■ Your goal ■
Beginning with the first line of the data below, set down each line exactly through the line that contains "PANNELLO ADESIVO EFFETTO".

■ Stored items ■

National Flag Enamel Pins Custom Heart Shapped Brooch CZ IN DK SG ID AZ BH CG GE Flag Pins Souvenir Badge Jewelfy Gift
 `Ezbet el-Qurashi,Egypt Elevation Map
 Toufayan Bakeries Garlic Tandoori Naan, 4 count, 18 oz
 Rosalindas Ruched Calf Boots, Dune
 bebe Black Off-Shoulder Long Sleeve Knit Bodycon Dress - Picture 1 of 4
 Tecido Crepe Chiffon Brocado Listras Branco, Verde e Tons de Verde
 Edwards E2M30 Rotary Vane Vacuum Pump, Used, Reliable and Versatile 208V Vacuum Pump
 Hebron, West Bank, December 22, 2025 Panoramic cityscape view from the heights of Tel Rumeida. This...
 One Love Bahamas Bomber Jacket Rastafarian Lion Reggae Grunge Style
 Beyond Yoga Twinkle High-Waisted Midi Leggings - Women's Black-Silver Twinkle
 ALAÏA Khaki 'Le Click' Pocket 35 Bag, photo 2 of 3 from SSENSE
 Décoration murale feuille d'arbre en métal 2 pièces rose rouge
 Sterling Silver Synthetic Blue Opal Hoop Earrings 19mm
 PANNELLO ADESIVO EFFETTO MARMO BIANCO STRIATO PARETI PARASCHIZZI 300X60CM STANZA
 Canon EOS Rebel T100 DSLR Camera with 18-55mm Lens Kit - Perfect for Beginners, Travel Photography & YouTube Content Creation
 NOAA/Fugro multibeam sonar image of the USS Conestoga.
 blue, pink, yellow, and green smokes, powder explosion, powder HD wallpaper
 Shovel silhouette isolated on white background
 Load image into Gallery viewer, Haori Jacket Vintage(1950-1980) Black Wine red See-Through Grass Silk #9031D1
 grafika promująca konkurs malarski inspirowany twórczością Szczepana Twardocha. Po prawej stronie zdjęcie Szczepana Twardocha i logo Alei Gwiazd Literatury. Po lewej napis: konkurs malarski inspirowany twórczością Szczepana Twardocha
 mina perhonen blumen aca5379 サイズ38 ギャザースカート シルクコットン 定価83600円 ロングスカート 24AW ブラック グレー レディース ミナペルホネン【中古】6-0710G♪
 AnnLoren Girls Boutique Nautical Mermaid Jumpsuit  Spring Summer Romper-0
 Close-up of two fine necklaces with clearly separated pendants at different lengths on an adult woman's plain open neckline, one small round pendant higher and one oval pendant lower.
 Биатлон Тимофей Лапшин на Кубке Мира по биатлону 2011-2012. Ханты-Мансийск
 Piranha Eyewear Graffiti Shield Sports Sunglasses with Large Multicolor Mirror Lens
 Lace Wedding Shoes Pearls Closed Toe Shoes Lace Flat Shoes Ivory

■ Task response ■
National Flag Enamel Pins Custom Heart Shapped Brooch CZ IN DK SG ID AZ BH CG GE Flag Pins Souvenir Badge Jewelfy Gift
 `Ezbet el-Qurashi,Egypt Elevation Map
 Toufayan Bakeries Garlic Tandoori Naan, 4 count, 18 oz
 Rosalindas Ruched Calf Boots, Dune
 bebe Black Off-Shoulder Long Sleeve Knit Bodycon Dress - Picture 1 of 4
 Tecido Crepe Chiffon Brocado Listras Branco, Verde e Tons de Verde
 Edwards E2M30 Rotary Vane Vacuum Pump, Used, Reliable and Versatile 208V Vacuum Pump
 Hebron, West Bank, December 22, 2025 Panoramic cityscape view from the heights of Tel Rumeida. This...
 One Love Bahamas Bomber Jacket Rastafarian Lion Reggae Grunge Style
 Beyond Yoga Twinkle High-Waisted Midi Leggings - Women's Black-Silver Twinkle
 ALAÏA Khaki 'Le Click' Pocket 35 Bag, photo 2 of 3 from SSENSE
 Décoration murale feuille d'arbre en métal 2 pièces rose rouge
 Sterling Silver Synthetic Blue Opal Hoop Earrings 19mm
 PANNELLO ADESIVO EFFETTO MARMO BIANCO STRIATO PARETI PARASCHIZZI 300X60CM STANZA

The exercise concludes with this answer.